▶ Task objective: What is needed is an exact copy of the lines in the entries below from the one holding "Lexus pristatė ateities" through the one holding "Read online Aquaman", pictures excluded.

▶ Input records:
-=-=-

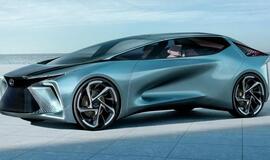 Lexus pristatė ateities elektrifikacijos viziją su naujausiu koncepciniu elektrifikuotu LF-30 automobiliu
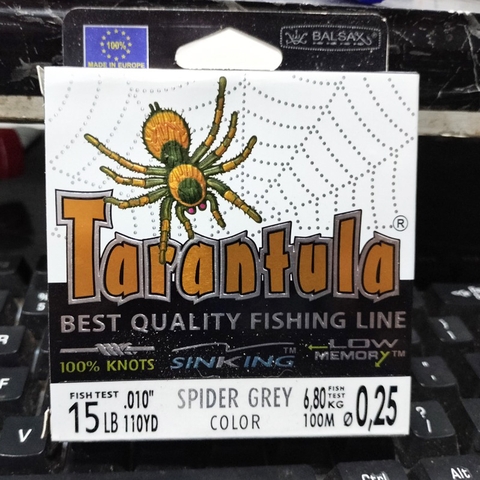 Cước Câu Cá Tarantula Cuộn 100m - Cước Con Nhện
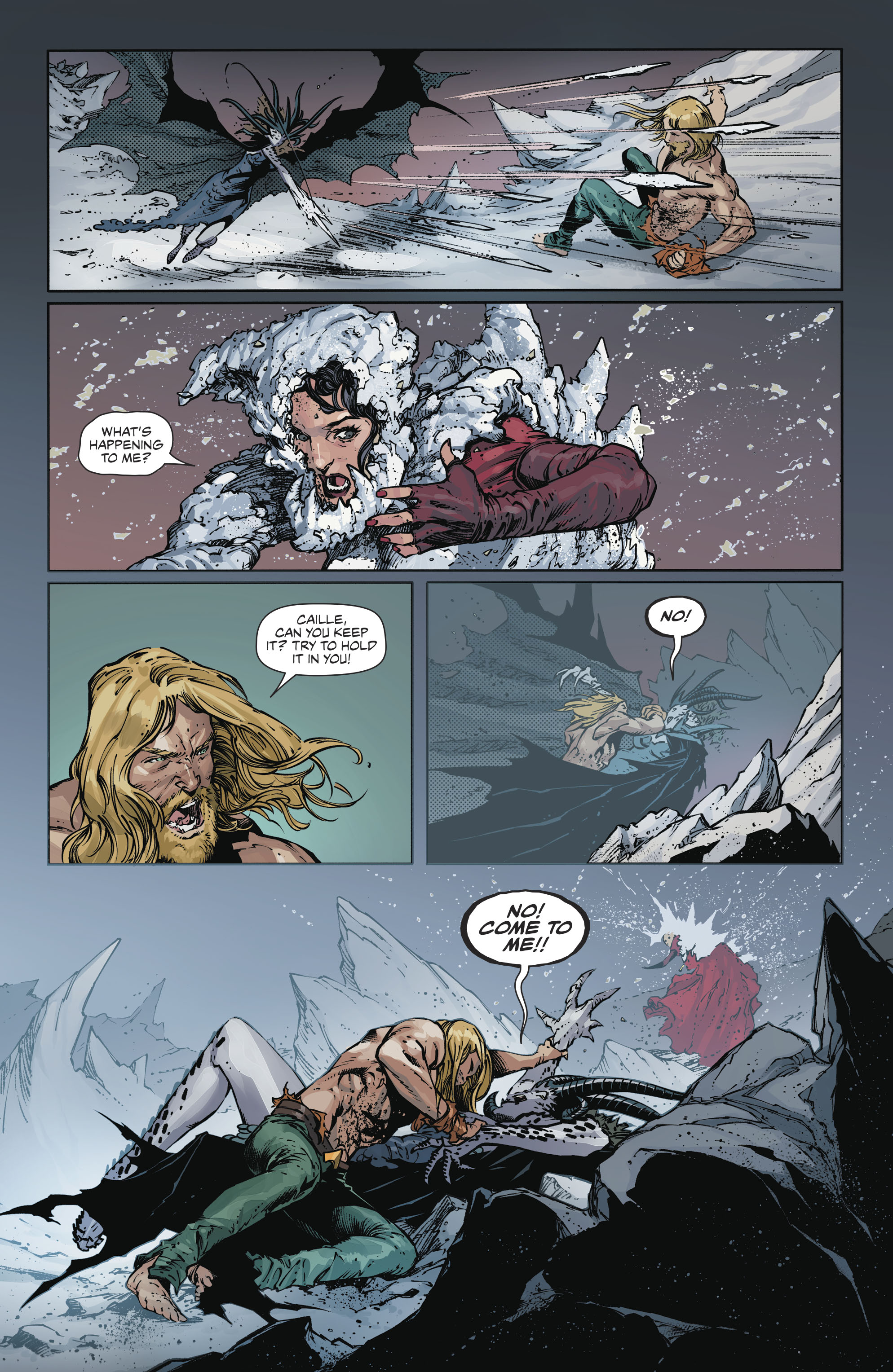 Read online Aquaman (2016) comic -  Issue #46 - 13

-=-=-

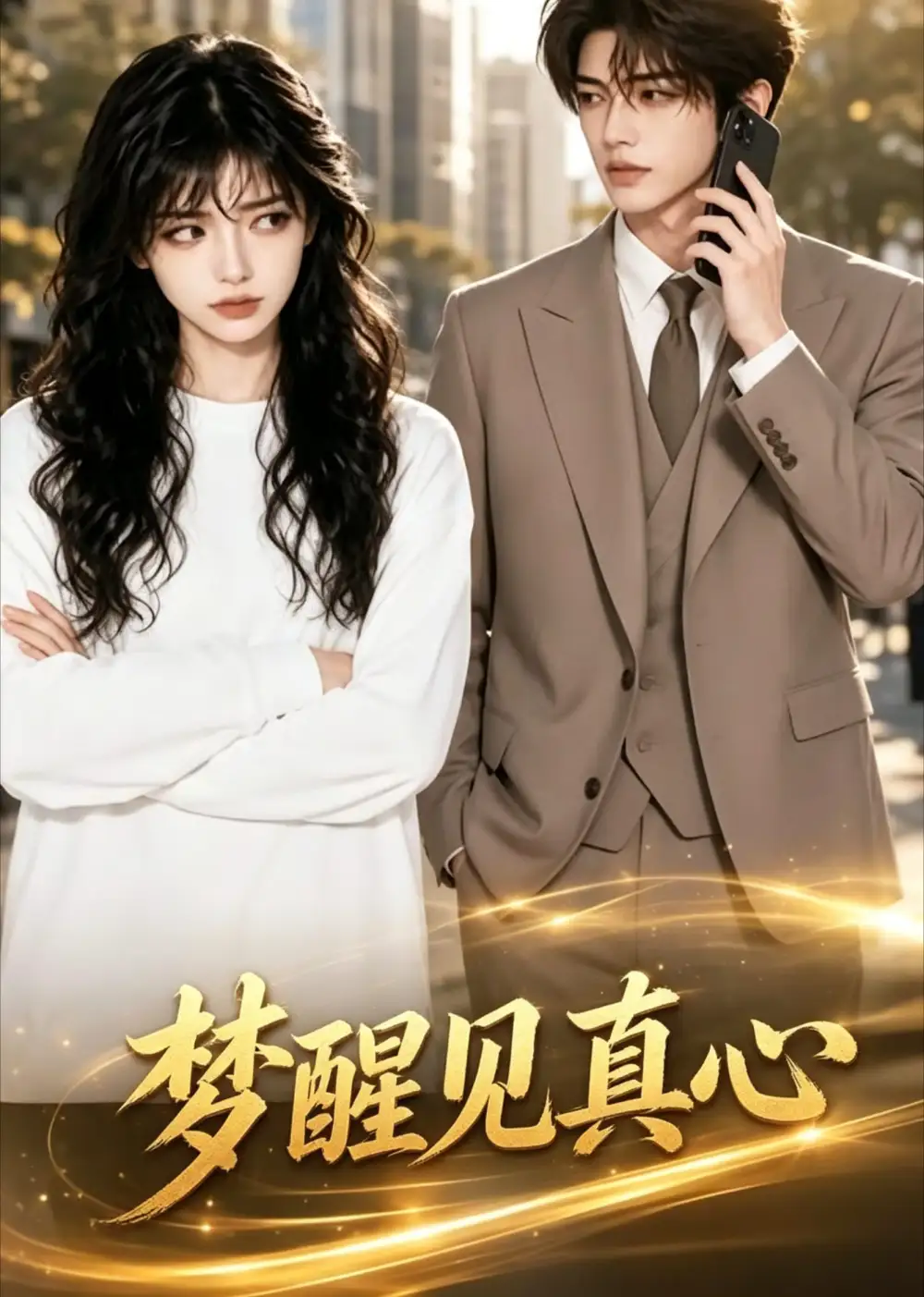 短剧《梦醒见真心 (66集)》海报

-=-=-

▶ Answer to the exercise:
 Lexus pristatė ateities elektrifikacijos viziją su naujausiu koncepciniu elektrifikuotu LF-30 automobiliu
 Cước Câu Cá Tarantula Cuộn 100m - Cước Con Nhện
 Read online Aquaman (2016) comic -  Issue #46 - 13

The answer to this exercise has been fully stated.